ここからは先ほど触れた資格外活動についてより詳しく解説しつつ、資格外活動で働く外国人アルバイトの就労制限についてご紹介します。

資格外活動許可とは

資格外活動許可とは、現在保有している在留資格に属さない「収入を伴う活動」に従事する際に必要な許可のことです。

資格外活動許可には、以下の2種類が設けられています。

包括許可

週28時間以内の就労に従事する際に必要な資格外活動許可であり、アルバイト雇用の場合は基本的にこちらが対象となります。

個別許可

包括許可を有する外国人や、その他の就労系在留資格(高度専門職など)を持つ外国人が、他の就労系在留資格に該当する活動を行う際に、必要な資格外活動許可となります。

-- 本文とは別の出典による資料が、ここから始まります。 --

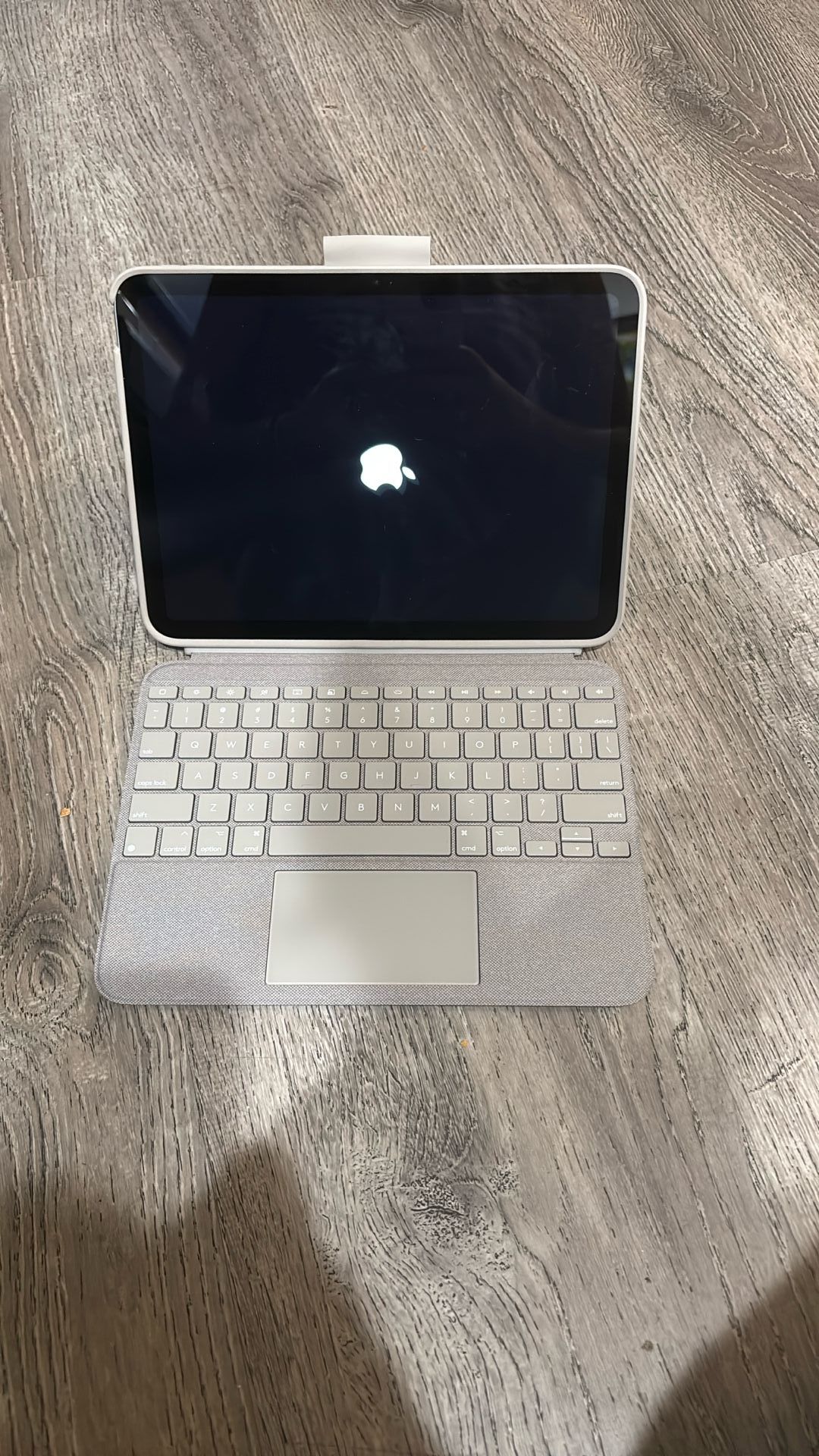 iPad generation 10 with LOGI case and keyboard 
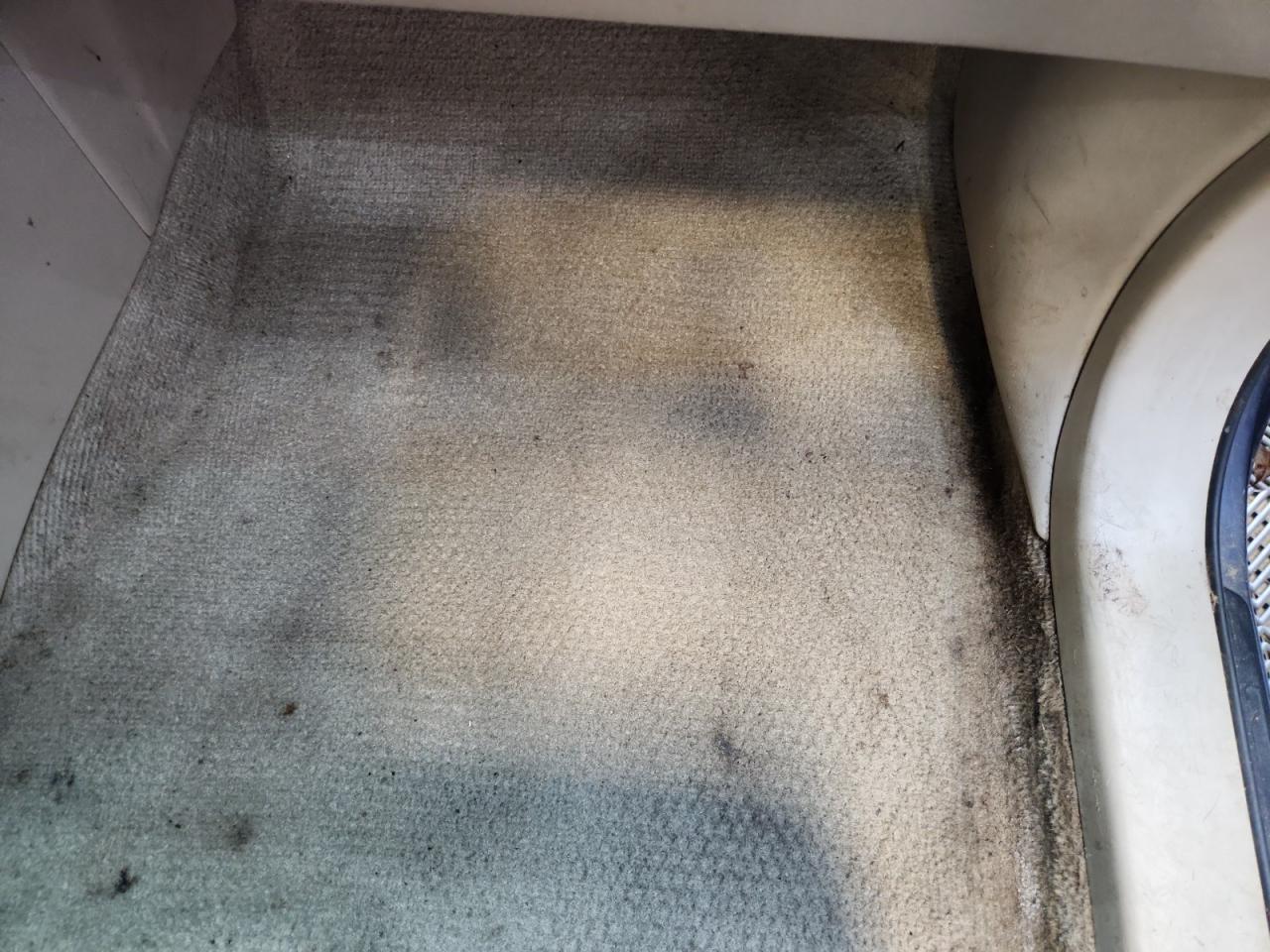 2006 Toyota Highlander Limited Blue vin: JTEEP21A760153760 Damage: Right Front Carpet, Stained, Permanent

例えば留学生が、週28時間を超えるインターンシップに従事する場合などは個別許可が必要です。

これらの資格外活動許可を得るには一定の要件を満たした上で、出入国在留管理庁まで申請を行う必要があります。

要件や申請方法などは、以下のページを併せてご確認ください。

資格外活動許可について|出入国在留管理庁

資格外活動における就労制限

外国人アルバイトを雇用する場合は、資格外活動許可の中でも包括許可の対象となるため、週28時間以内という就労制限が設けられます。

資格外活動許可を得たとしても、あくまで本来の在留資格の活動を主として行うべきであり、アルバイトはその主となる活動に影響が出ない範囲に収めるべきと言えます。

そのため週28時間までという制限が設けられたのでしょう。

またこの週28時間というのは、全てのアルバイト活動の就労時間を合算したものになるため、アルバイトごとに28時間働けるというわけではない点は注意が必要です。

留学生の場合、長期休暇中は就労制限が緩和される

資格外活動許可でアルバイト活動を行う外国人の内、在留資格「留学」を持つ外国人に関しては、長期休暇中における就労制限が緩和されます。

具体的には、所属している教育機関が設けている長期休暇中、週28時間という制限がなくなり、1日8時間・週40時間まで就労可能です。

夏季休暇や冬期休暇中は本来の目的である学業が休みとなるため、資格外活動の時間が増えても支障はないと判断され、就労制限が緩和されるのでしょう。

【補足】資格外活動許可でも雇用できない業務

ここまで資格外活動許可についてご紹介してきましたが、仮に資格外活動許可を得ている外国人でも雇用できない業務があります。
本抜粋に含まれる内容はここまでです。